Dampf steigt aus den Kühltürmen des Atomkraftwerks Grohnde auf. Nach rund 36 Jahren ging das Kernkraftwerk im Weserbergland bei Hameln am 31. Dezember 2021 endgültig vom Netz. 

© Julian Stratenschulte / Picture Alliance

Die EU-Kommission will die Energiegewinnung aus Erdgas- und Atomanlagen als klimafreundlich einstufen. Aus der Politik und von der Umwelthilfe kommen prompt erste kritische Reaktionen.

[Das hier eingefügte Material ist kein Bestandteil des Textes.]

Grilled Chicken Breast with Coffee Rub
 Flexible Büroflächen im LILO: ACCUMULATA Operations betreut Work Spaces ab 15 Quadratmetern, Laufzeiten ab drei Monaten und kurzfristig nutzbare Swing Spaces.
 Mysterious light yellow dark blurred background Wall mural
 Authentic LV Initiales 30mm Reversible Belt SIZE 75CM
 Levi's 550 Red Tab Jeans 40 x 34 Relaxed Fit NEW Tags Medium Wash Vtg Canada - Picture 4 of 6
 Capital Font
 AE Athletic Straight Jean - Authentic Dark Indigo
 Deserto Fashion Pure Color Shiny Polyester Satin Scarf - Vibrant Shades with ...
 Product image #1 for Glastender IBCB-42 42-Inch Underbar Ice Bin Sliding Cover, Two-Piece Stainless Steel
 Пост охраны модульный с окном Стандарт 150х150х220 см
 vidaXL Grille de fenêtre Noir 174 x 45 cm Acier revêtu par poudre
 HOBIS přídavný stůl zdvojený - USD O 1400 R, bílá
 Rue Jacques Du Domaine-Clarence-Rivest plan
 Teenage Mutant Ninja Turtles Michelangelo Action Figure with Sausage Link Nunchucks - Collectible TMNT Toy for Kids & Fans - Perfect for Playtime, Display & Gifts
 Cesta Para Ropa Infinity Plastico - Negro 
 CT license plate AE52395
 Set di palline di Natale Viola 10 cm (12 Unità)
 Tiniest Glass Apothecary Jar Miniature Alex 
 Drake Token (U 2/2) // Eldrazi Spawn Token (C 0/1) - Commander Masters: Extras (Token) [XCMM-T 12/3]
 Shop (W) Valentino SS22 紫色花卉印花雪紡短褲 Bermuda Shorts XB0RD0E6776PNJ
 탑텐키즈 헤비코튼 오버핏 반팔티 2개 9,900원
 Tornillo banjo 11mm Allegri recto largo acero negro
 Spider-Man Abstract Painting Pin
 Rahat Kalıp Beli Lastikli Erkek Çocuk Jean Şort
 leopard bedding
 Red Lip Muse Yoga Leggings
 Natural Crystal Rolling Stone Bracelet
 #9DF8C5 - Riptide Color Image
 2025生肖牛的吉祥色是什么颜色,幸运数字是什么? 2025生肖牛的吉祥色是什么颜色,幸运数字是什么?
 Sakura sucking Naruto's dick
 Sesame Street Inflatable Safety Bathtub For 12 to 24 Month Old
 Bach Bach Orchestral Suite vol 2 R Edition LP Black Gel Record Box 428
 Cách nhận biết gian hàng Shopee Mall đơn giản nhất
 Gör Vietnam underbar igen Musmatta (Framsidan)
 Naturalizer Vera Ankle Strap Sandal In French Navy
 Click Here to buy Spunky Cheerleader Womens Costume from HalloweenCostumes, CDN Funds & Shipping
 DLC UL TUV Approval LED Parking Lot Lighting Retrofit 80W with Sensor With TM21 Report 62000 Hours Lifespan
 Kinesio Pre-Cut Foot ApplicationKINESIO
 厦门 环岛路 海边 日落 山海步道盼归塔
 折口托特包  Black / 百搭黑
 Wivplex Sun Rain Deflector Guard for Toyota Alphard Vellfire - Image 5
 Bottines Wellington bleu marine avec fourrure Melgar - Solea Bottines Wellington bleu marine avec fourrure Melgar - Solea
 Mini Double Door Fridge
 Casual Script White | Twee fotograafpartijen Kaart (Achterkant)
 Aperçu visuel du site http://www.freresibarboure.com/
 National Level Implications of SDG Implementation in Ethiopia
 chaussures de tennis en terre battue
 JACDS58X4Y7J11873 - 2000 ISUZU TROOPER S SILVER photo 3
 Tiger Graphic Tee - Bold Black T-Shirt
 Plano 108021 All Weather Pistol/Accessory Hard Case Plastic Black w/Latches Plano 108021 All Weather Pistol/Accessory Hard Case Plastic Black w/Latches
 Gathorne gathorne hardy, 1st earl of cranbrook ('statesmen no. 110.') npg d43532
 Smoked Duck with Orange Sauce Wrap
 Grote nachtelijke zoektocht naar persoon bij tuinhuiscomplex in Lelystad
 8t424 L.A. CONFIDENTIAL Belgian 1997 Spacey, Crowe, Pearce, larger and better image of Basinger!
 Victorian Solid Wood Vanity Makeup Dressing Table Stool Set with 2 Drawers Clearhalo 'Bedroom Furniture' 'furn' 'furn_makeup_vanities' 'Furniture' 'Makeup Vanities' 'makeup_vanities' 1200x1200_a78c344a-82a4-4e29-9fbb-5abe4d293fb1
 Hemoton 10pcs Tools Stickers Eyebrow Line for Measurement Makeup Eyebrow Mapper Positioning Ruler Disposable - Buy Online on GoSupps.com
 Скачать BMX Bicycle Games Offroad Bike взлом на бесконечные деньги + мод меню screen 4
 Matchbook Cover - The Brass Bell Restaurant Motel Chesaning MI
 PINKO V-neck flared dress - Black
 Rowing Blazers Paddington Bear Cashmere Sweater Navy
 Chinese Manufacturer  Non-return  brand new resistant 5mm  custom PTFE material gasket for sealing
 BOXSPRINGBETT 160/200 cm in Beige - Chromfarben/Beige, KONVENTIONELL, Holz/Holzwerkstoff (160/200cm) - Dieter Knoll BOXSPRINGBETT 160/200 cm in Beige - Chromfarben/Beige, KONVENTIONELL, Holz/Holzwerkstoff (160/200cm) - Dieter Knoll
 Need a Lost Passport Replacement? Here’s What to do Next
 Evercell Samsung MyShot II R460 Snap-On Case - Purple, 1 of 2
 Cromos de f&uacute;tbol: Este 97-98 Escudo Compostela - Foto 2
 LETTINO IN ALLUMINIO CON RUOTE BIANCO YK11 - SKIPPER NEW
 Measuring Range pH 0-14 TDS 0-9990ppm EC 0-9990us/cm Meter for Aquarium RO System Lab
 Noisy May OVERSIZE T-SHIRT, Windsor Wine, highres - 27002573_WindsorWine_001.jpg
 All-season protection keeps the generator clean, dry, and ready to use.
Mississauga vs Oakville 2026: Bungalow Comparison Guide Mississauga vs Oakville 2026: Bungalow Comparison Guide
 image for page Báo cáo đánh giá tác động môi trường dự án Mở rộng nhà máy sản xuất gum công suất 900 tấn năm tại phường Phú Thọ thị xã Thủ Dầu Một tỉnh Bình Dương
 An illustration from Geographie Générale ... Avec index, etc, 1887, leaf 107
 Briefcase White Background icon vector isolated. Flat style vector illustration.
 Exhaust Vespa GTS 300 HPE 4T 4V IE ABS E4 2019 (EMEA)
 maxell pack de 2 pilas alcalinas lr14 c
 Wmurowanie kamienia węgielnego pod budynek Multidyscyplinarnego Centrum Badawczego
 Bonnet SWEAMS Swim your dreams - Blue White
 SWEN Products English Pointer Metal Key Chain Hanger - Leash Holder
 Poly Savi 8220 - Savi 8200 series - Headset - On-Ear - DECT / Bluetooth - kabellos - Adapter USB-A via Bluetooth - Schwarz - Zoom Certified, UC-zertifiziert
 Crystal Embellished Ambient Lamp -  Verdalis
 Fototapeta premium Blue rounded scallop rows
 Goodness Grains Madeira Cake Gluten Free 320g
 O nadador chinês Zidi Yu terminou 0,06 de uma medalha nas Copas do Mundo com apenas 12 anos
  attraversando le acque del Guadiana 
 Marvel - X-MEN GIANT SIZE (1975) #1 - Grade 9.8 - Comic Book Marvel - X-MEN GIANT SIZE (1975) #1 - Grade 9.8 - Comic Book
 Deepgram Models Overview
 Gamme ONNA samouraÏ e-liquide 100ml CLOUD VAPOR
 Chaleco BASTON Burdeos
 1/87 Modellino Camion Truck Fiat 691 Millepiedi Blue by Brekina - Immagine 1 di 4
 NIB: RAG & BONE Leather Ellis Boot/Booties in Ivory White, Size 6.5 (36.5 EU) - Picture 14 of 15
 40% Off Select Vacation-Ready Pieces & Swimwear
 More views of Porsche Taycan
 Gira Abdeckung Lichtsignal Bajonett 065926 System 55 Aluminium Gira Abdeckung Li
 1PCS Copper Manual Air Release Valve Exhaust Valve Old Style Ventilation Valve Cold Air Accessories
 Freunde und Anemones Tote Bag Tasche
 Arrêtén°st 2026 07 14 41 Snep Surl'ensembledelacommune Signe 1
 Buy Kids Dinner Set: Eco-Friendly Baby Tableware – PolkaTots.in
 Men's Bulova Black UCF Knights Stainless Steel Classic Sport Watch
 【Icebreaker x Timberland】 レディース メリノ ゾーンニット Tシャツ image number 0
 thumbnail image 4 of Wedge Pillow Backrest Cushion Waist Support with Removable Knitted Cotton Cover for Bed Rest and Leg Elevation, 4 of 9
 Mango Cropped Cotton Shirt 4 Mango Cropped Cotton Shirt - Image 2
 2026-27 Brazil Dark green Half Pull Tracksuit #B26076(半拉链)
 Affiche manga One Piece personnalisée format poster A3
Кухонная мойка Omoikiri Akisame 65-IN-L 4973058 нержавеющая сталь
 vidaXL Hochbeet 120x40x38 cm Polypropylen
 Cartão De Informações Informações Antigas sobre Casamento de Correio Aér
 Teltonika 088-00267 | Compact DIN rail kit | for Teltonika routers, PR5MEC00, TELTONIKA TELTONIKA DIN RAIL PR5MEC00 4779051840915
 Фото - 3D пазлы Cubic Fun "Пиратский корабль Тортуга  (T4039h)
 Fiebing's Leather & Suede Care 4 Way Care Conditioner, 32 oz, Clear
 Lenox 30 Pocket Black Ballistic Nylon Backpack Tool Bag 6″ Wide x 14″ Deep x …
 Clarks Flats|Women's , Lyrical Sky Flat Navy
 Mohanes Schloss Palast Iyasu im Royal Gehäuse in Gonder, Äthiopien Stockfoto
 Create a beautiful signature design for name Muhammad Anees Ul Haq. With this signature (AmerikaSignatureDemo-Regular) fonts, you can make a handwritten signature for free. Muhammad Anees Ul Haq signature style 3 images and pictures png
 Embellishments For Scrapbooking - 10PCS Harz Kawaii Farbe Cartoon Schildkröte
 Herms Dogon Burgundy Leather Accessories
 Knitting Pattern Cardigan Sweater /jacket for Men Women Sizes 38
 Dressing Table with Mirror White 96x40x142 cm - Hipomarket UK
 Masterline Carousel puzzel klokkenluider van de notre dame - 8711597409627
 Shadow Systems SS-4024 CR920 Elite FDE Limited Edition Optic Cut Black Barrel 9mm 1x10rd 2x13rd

Grüne Energie aus dem Reaktor? Laut einem Verordnungsentwurf der EU-Kommission, welcher der Nachrichtenagentur AFP am Samstag vorlag, soll Energie aus Erdgas- und Atomkraftwerken als nachhaltig gelten. Demnach sollen bis 2045 erteilte Genehmigungen für neue Atomkraftwerke unter die sogenannte Taxonomieverordnung fallen und der Bau entsprechend gefördert werden können. Für neue Gasinfrastruktur soll dies demnach unter bestimmten Voraussetzungen bis 2030 gelten.

Die Taxonomie ist eine Art Klassifizierung nachhaltiger Wirtschaftsaktivitäten und kommt einer Einstufung als förderwürdig und einer Empfehlung an Investoren gleich. Den entsprechenden Rechtsakt hatte die EU-Kommission bereits im April vorgestellt. Die heikle Frage der Bewertung von Gas- und Atomenergie ließ die Behörde damals jedoch aus. Es sollten noch weitere Experten-Berichte und Bewertungen abgewartet werden.